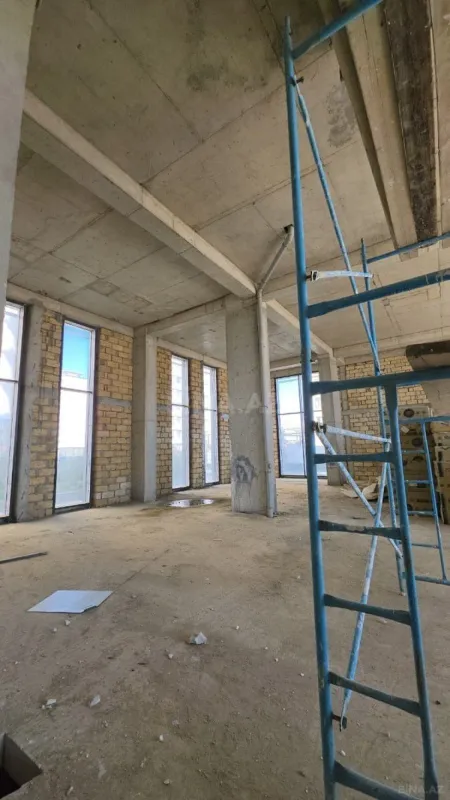 Satılır obyekt 600 m²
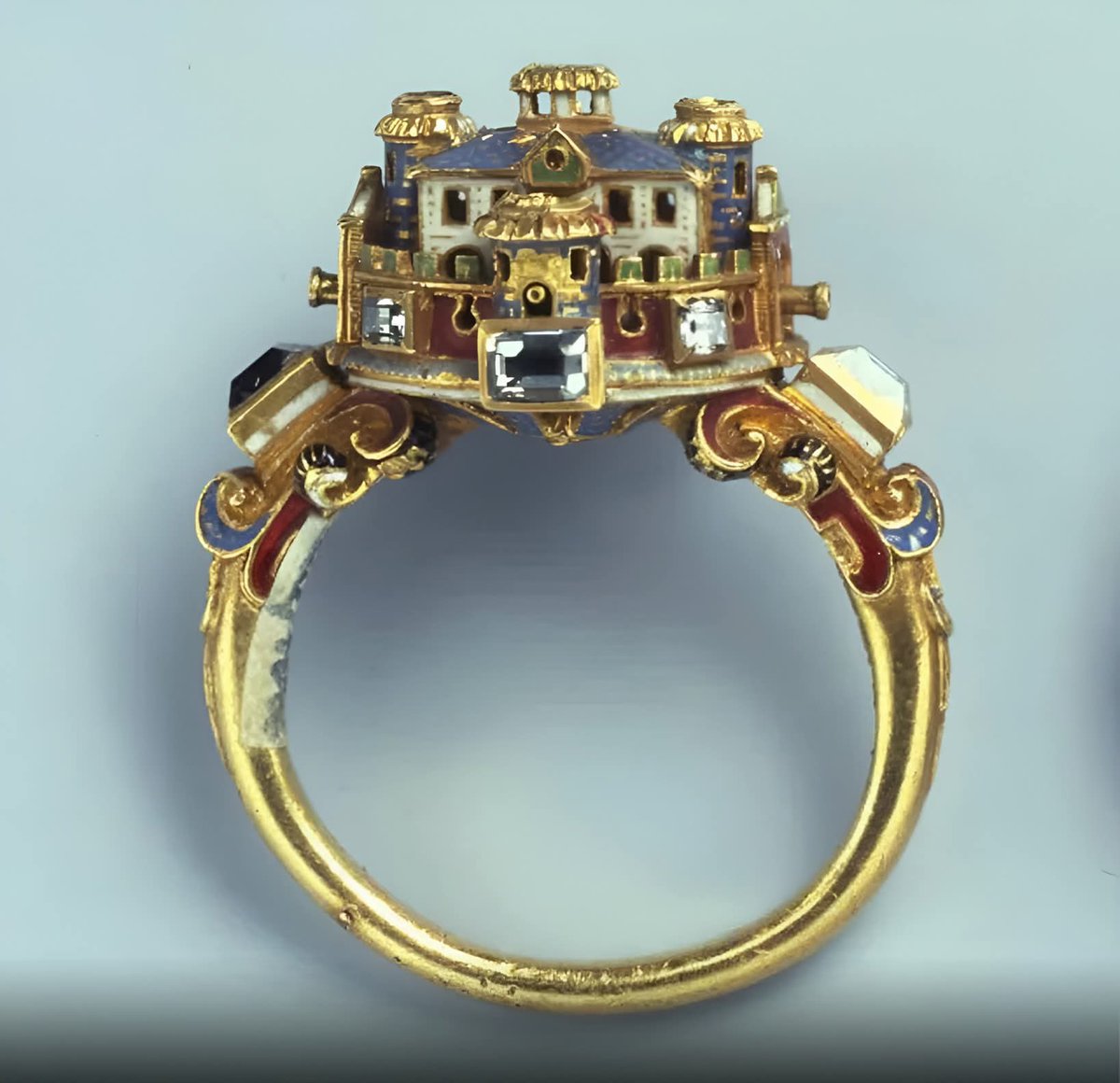AlmanacAntiques's tweet photo. The #Renaissance produced thousands of #worksofart, from paintings to sculptures to grand #buildings to delicate works of fine #jewelry like this #architectural #ring. Learn more at
https://t.co/yRzyKVRAUA https://t.co/0nWOjxUGST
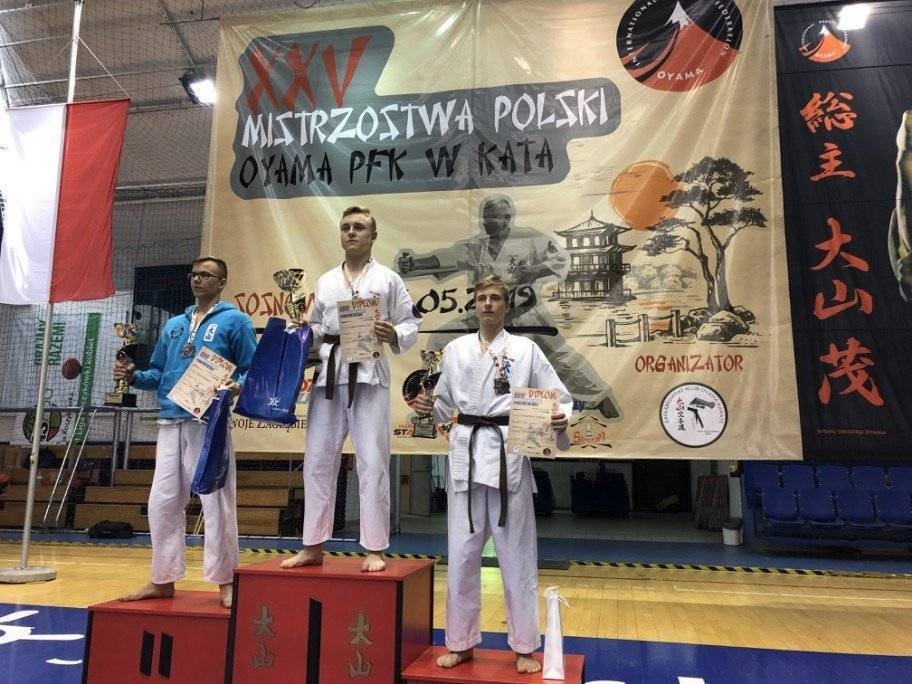 SPORTY WALKI. Oświęcimianie z medalami mistrzostw Polski!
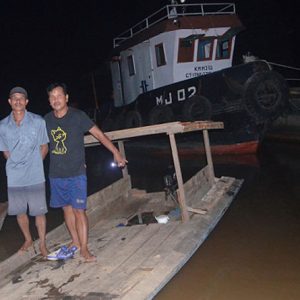 Muhtar dan Romi penambang usaha jasa penyeberangan warga Desa Popai sedang menunggu warga yang menyeberang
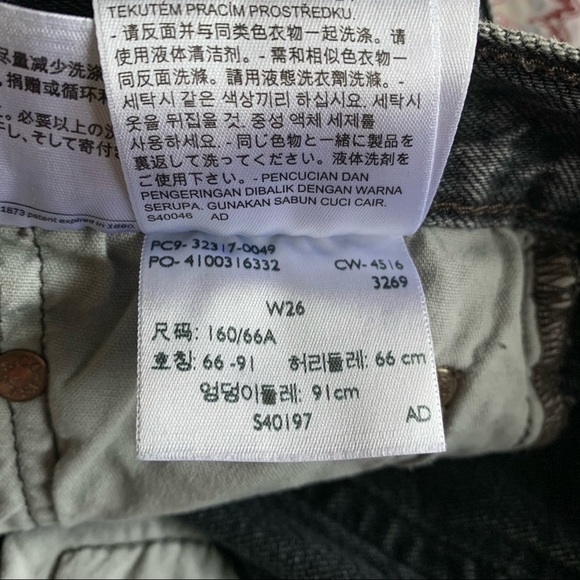 Levi’s 501 Denim Shorts - Picture 7 of 8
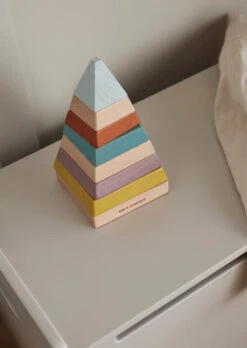 Kids Concept Stapeltoren Pyramide Neo Multi 1 Jr+ -Speelgoedverkoop KidsConceptstapeltorenpyramideNeomulti1000793atmos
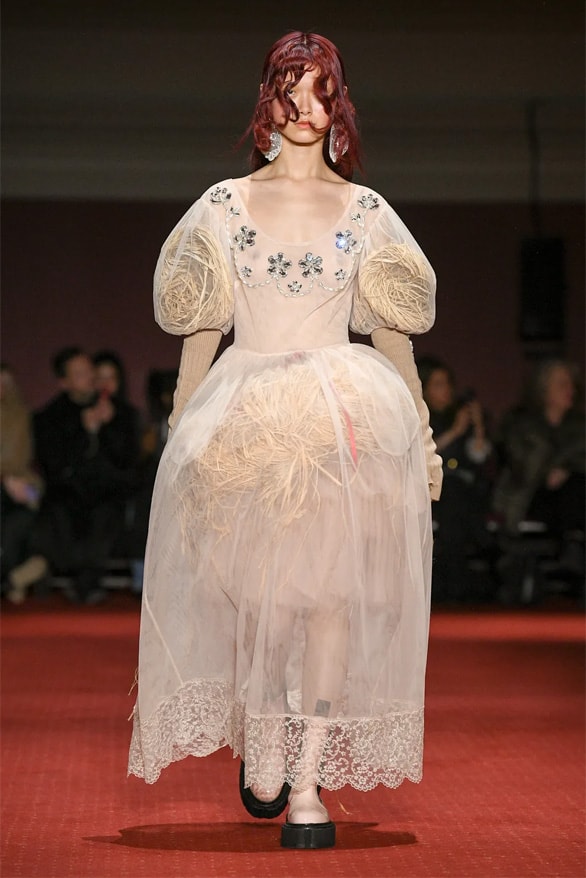 Simone Rocha Fall Winter 2023 London Fashion Week lfw fw23 womenswear menswear runway show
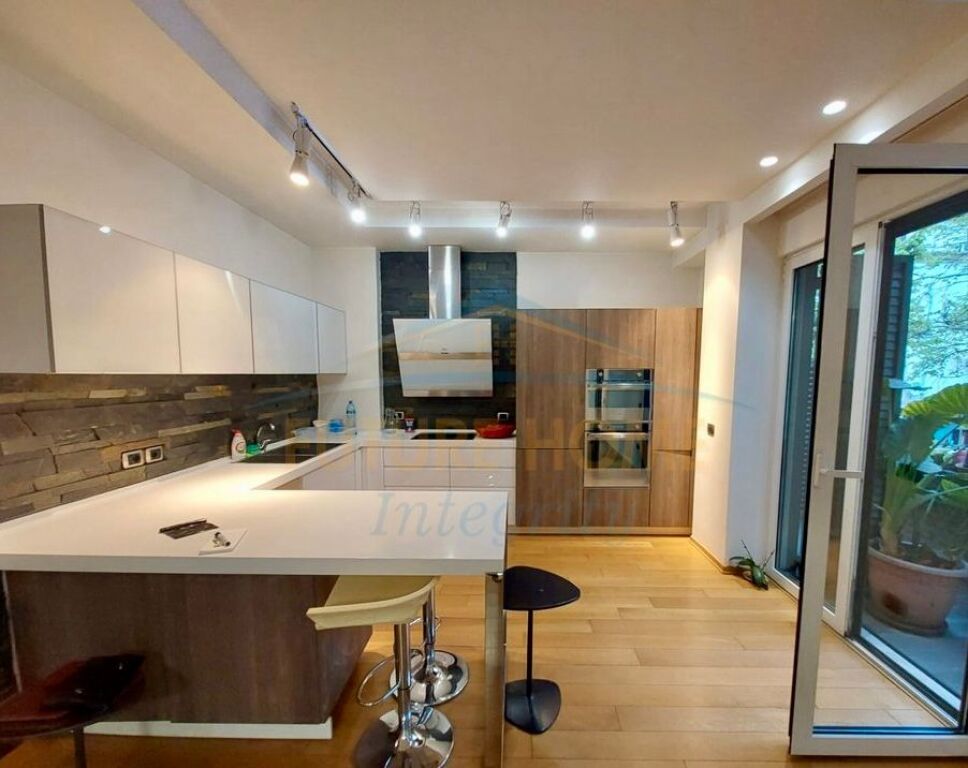 Affitto, Appartamento per Uffici, Blloku, Tirana.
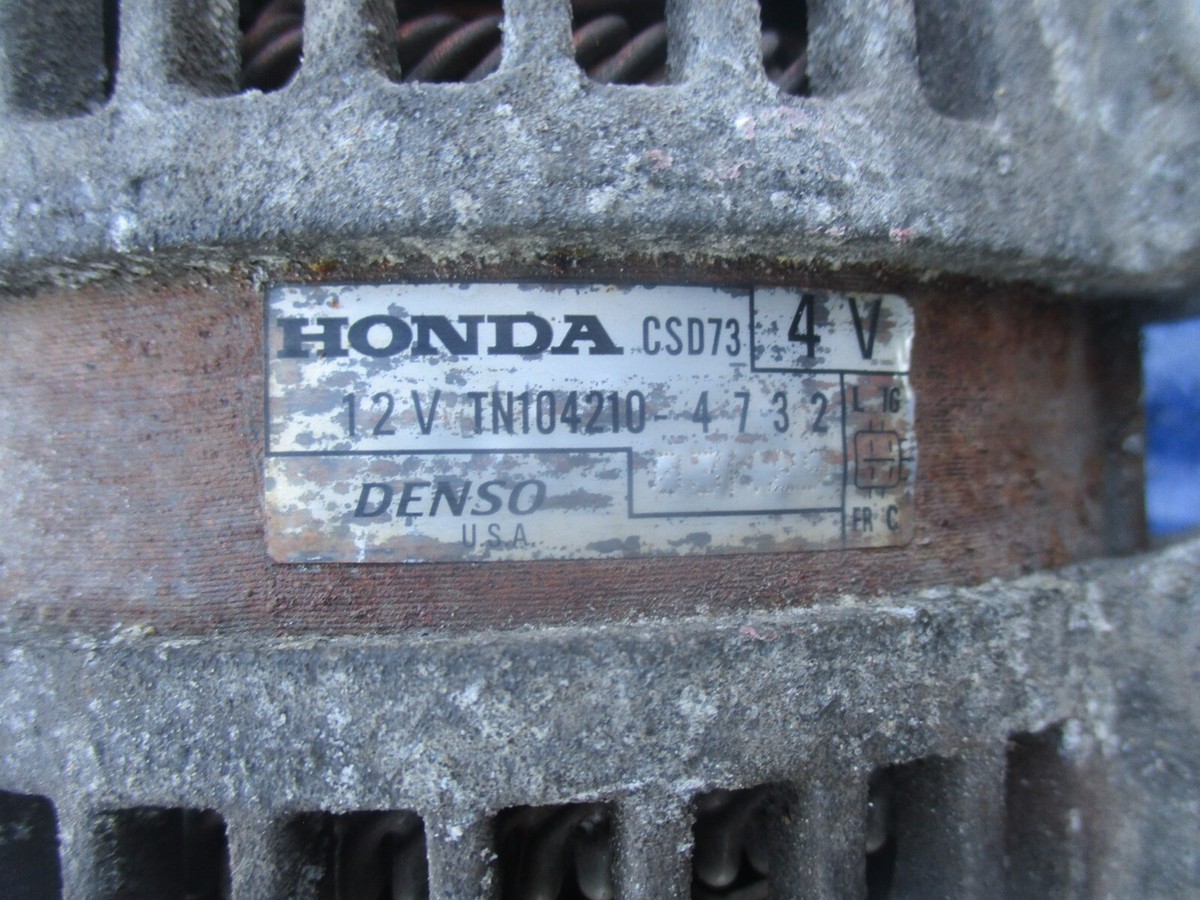 06-11 Honda Civic K20Z3 OEM alternator assembly CSD73 Denso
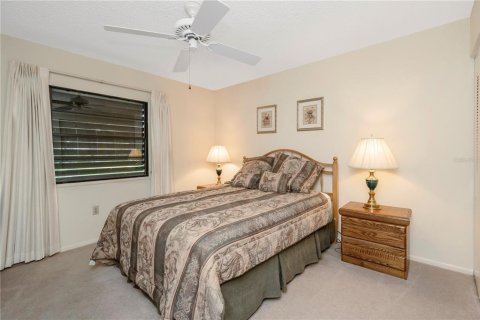 House in Sarasota, Florida 2 bedrooms, 151.43 sq.m. № 2202907 - photo 18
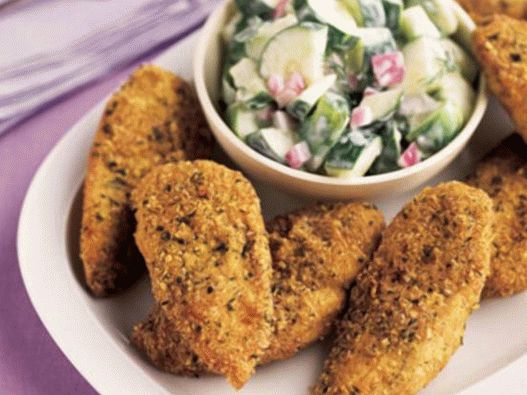 Foto hrskavi pileći hlebni falafel sa salatom od krastavaca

» About this task: Output exactly the lines above, beginning at the one with "https://t.co/yRzyKVRAUA https://t.co/0nWOjxUGST" and stopping after the one with "Levi’s 501 Denim Shorts - Picture 7 of 8". Pictures are to be omitted.

» Response to this task:
https://t.co/yRzyKVRAUA https://t.co/0nWOjxUGST
 SPORTY WALKI. Oświęcimianie z medalami mistrzostw Polski!
 Muhtar dan Romi penambang usaha jasa penyeberangan warga Desa Popai sedang menunggu warga yang menyeberang
 Levi’s 501 Denim Shorts - Picture 7 of 8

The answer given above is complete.